Start of Provided material

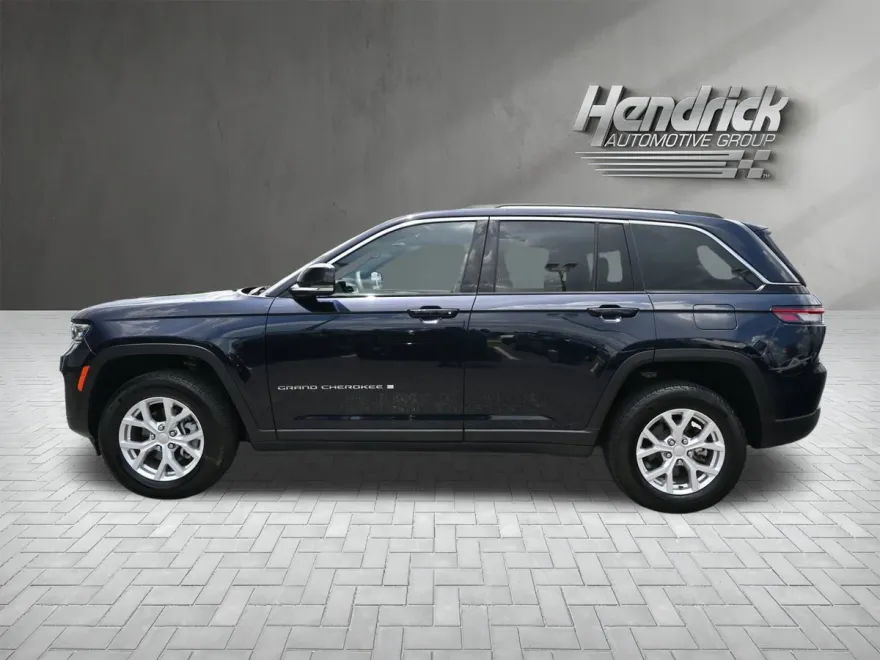 2023 Jeep Grand Cherokee Limited photo 1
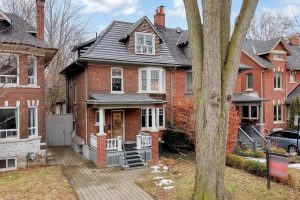 5-bedroom semi-detached home for sale in Toronto — 499 Palmerston Boulevard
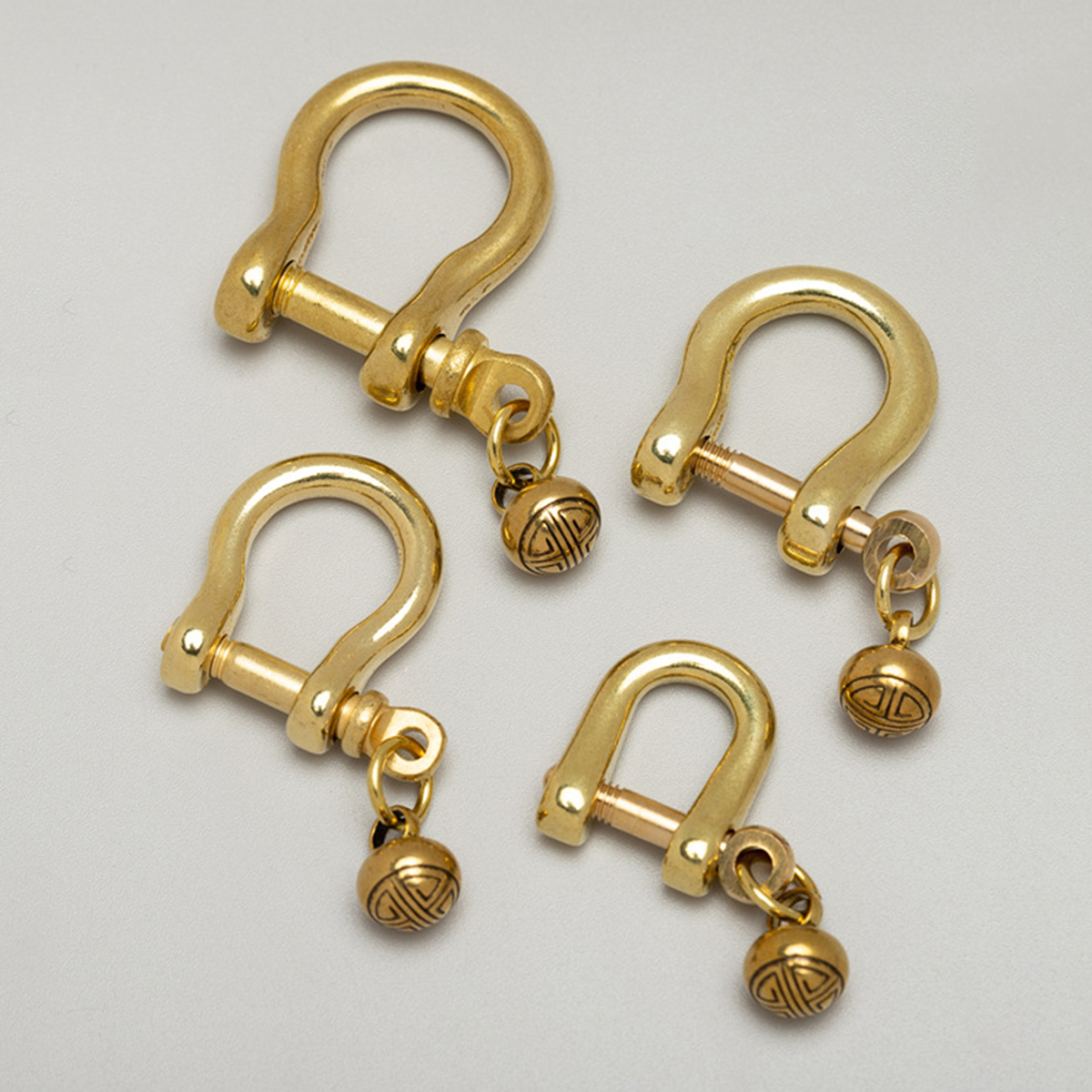 1x Brass Carabiner D Bow Shackle with Silent Bell ... – Grandado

End of Provided material

* Exercise directions:
Nothing but the lines from the one that contains "5-bedroom semi-detached home" through the last line of the material should be written out, exactly. Omit pictures.

* Your solution:
 5-bedroom semi-detached home for sale in Toronto — 499 Palmerston Boulevard
 1x Brass Carabiner D Bow Shackle with Silent Bell ... – Grandado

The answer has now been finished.